VERITÀ O BUGIA?
Recentemente c’era un articolo in un giornale su una lite di un’agenzia danese contro una compagnia cinematografica americana. La lite porta sulla rappresentazione della vita e del personaggio di Hans Christian Anderson. L’agenzia danese sosteneva che il film era storicamente scorretto. Ecco una vecchia questione!
Non ho visto il film ma posso immaginarmi come Hans è dipinto. Evidentemente vediamo un bellissimo giovanotto che scrive tutta la giornata delle fiabe, per la sola ragione che non può resistere a farlo. Abita in una mansarda, tipico per artisti incompresi. Ha fame, vive a acqua e pane sotto una affittacamere spietata che non le importa delle favole. Se ha un’ispirazione improvvisa per una nuova fiaba, sentiamo un coro di donne, ma non vediamo mai le donne stesse. Le poche volte in cui appare una donna nella sua vita, scappa con un’altra. Tali sono le ragazze danesi. Ma non dobbiamo essere tristi. Perché nonostante la sua povertà diviene famoso. Ma è rimarchevole che Hans rimane lo stesso giovanotto semplice di quando era povero. A volte fa una passeggiata tra foreste danesi, sempre accompagnato dal coro di donne perche l’ispirazione non smette mai di venirgli in mente. Ama giocare con dei bambini. Non gli importa di soldi o fama. Ma altri lo fanno. Sono dei ciccioni disgustosi che sfruttano l’ingenuità di Hans. Ma prima della fine del film ottengono il coperchio sul naso (è un’espressione in olandese) E Hans muorein un letto con lenzuola bianche immacolate, sotto il giubilo di un coro femminile, in doppio cast per l’occasione.
Ma io conosco la vita di HCA come era in realtà. So che era un uomo singolarmente brutto, assetato per divenire famoso, che non amava i bambini, era avido di soldi, smisuratamente vanitoso e non sposato. Ciononostante il film non mi irrita. Perché è che il film ha ragione!

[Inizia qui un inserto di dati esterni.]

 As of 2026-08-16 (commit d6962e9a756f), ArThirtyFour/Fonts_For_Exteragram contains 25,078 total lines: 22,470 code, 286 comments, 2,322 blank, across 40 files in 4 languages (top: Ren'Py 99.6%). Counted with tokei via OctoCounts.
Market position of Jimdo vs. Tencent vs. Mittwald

Dobbiamo chiederci: come un grande persona entra nell’immortalità? La risposta è: non sotto forma della sua vera personalità ma come la figura che egli ha creato di se stesso. HCA non solo scriveva delle fiabe ma ha vissuto la sua stessa fiaba. È proprio il titolo della sua autobiografia : “La fiaba della mia vita” Dunque già nella sua vita ha iniziato un mito sul suo personaggio. Descriveva se stesso come se fosse uscito da un mondo fiabesco. Ha mentito? E mentiva anche il film che ha ripreso il mito?
Questa è una questione interessante. Sotto l’aspetto strettamente storico dobbiamo affermare di sì. La realtà non era così, dunque il film è una bugia. Di più: dopo la guerra alcuni scienziati danesi hanno pubblicato delle biografie di HCA che smascherano il mito creato da HCA. Sulla base di lettere molto intime e la pscicoanalisi il vero HCA è rivelato. Ma solo alcuni conoscitori lo sanno, mentre che il vecchio mito è mantenuto. E io, che conosco le due versioni, scelgo il mito. Perché è il più vicino alla “verità.”

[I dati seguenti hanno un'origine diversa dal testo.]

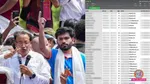 hacker nisarga adhikari tells cjp members personal data leaked abhijit dipke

Come spiegare quel paradosso? Prendiamo il detto famoso di Louis XIV: “La France, c’est moi.” Scienziati diligenti hanno scoperto che Louis XIV non ha mai pronunciato quelle parole. È una scoperta importante? No, non lo è. Perchè Louis XIV avrebbe potuto dirlo. È un detto che caratterizza perfettamente l’assolutismo del suo regno.
Ogni grande persona è ricordata postuma da un ingrandimento di uno dei suoi tratti caratteriali. Chi sa per esempio che Ludwig von Beethoven amava giocare a biliardo e alle carte, poteva bere come una spugna di tanto in tanto, e cambiava camicia troppo di rado. Chi conosce la vera maschera funeraria di LVB? Pochi! Ma conosciamo tutti l’espressione tormentata, vigorosa e visionaria della sua faccia sul suo busto che cattura l’essenza della sua musica.
È la stessa cosa con i film su personaggi storici. È il mito che il regista filma. Schubert è l’insegnante che scrive delle sinfonie sulla lavagna mentre un coro di bambini sui loro banchi di scuola alza una canzone polifonica.
Sentiamo Chopin suonare la tastiere in una notte di luna mentre le tende di tulle sono mosse dolcemente dal vento. Ogni tanto tossiva, e ciò suggeriva una morte prematura.
E così Hans C. Anderson scrive delle fiabe giocando con dei bambini, non interessato ai proventi dei suoi scritti: l’esempio di un brutto anatroccolo che si trasforma in cigno.



La maschera funeraria di Beethoven, la versione idealizzata di Franz Klein, e il busto di Beethoven come artista visionario.